## Records drawn from a dataset
-- Opening Marker --
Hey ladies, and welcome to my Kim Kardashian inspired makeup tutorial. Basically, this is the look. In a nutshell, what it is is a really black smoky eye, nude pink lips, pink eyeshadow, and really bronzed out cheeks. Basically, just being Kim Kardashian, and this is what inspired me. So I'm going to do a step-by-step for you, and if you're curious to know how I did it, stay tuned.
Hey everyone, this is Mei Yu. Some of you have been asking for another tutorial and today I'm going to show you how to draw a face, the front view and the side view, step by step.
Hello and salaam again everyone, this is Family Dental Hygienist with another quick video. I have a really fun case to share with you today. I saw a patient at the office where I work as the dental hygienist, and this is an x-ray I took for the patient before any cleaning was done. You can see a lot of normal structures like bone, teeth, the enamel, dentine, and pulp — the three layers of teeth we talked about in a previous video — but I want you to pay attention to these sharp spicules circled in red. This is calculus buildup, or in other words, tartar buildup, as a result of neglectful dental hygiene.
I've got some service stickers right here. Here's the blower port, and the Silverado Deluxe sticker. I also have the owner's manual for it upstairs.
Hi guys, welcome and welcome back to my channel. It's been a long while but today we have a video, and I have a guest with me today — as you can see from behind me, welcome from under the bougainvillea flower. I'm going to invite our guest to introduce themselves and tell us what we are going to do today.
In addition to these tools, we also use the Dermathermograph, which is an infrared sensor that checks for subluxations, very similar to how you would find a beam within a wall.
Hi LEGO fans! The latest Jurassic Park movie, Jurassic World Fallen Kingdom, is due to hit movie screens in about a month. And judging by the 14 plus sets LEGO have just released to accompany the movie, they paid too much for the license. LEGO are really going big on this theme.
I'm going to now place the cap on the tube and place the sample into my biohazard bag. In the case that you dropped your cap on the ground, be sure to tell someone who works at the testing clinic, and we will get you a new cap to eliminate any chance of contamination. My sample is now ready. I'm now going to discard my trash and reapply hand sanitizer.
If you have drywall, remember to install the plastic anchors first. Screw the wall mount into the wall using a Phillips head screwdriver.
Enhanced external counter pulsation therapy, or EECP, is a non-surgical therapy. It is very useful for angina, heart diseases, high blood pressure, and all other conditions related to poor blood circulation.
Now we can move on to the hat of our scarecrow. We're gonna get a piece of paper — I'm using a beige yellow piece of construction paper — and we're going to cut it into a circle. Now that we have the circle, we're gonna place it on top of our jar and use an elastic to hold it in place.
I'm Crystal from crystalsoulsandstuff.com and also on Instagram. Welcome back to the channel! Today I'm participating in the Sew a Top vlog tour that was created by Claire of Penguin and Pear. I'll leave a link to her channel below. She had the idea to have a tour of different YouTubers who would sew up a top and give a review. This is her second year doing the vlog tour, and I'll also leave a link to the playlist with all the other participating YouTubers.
-- Closing Marker --
## Required action
An identical copy of the preceding records should be returned.

## Exercise solution
Hey ladies, and welcome to my Kim Kardashian inspired makeup tutorial. Basically, this is the look. In a nutshell, what it is is a really black smoky eye, nude pink lips, pink eyeshadow, and really bronzed out cheeks. Basically, just being Kim Kardashian, and this is what inspired me. So I'm going to do a step-by-step for you, and if you're curious to know how I did it, stay tuned.
Hey everyone, this is Mei Yu. Some of you have been asking for another tutorial and today I'm going to show you how to draw a face, the front view and the side view, step by step.
Hello and salaam again everyone, this is Family Dental Hygienist with another quick video. I have a really fun case to share with you today. I saw a patient at the office where I work as the dental hygienist, and this is an x-ray I took for the patient before any cleaning was done. You can see a lot of normal structures like bone, teeth, the enamel, dentine, and pulp — the three layers of teeth we talked about in a previous video — but I want you to pay attention to these sharp spicules circled in red. This is calculus buildup, or in other words, tartar buildup, as a result of neglectful dental hygiene.
I've got some service stickers right here. Here's the blower port, and the Silverado Deluxe sticker. I also have the owner's manual for it upstairs.
Hi guys, welcome and welcome back to my channel. It's been a long while but today we have a video, and I have a guest with me today — as you can see from behind me, welcome from under the bougainvillea flower. I'm going to invite our guest to introduce themselves and tell us what we are going to do today.
In addition to these tools, we also use the Dermathermograph, which is an infrared sensor that checks for subluxations, very similar to how you would find a beam within a wall.
Hi LEGO fans! The latest Jurassic Park movie, Jurassic World Fallen Kingdom, is due to hit movie screens in about a month. And judging by the 14 plus sets LEGO have just released to accompany the movie, they paid too much for the license. LEGO are really going big on this theme.
I'm going to now place the cap on the tube and place the sample into my biohazard bag. In the case that you dropped your cap on the ground, be sure to tell someone who works at the testing clinic, and we will get you a new cap to eliminate any chance of contamination. My sample is now ready. I'm now going to discard my trash and reapply hand sanitizer.
If you have drywall, remember to install the plastic anchors first. Screw the wall mount into the wall using a Phillips head screwdriver.
Enhanced external counter pulsation therapy, or EECP, is a non-surgical therapy. It is very useful for angina, heart diseases, high blood pressure, and all other conditions related to poor blood circulation.
Now we can move on to the hat of our scarecrow. We're gonna get a piece of paper — I'm using a beige yellow piece of construction paper — and we're going to cut it into a circle. Now that we have the circle, we're gonna place it on top of our jar and use an elastic to hold it in place.
I'm Crystal from crystalsoulsandstuff.com and also on Instagram. Welcome back to the channel! Today I'm participating in the Sew a Top vlog tour that was created by Claire of Penguin and Pear. I'll leave a link to her channel below. She had the idea to have a tour of different YouTubers who would sew up a top and give a review. This is her second year doing the vlog tour, and I'll also leave a link to the playlist with all the other participating YouTubers.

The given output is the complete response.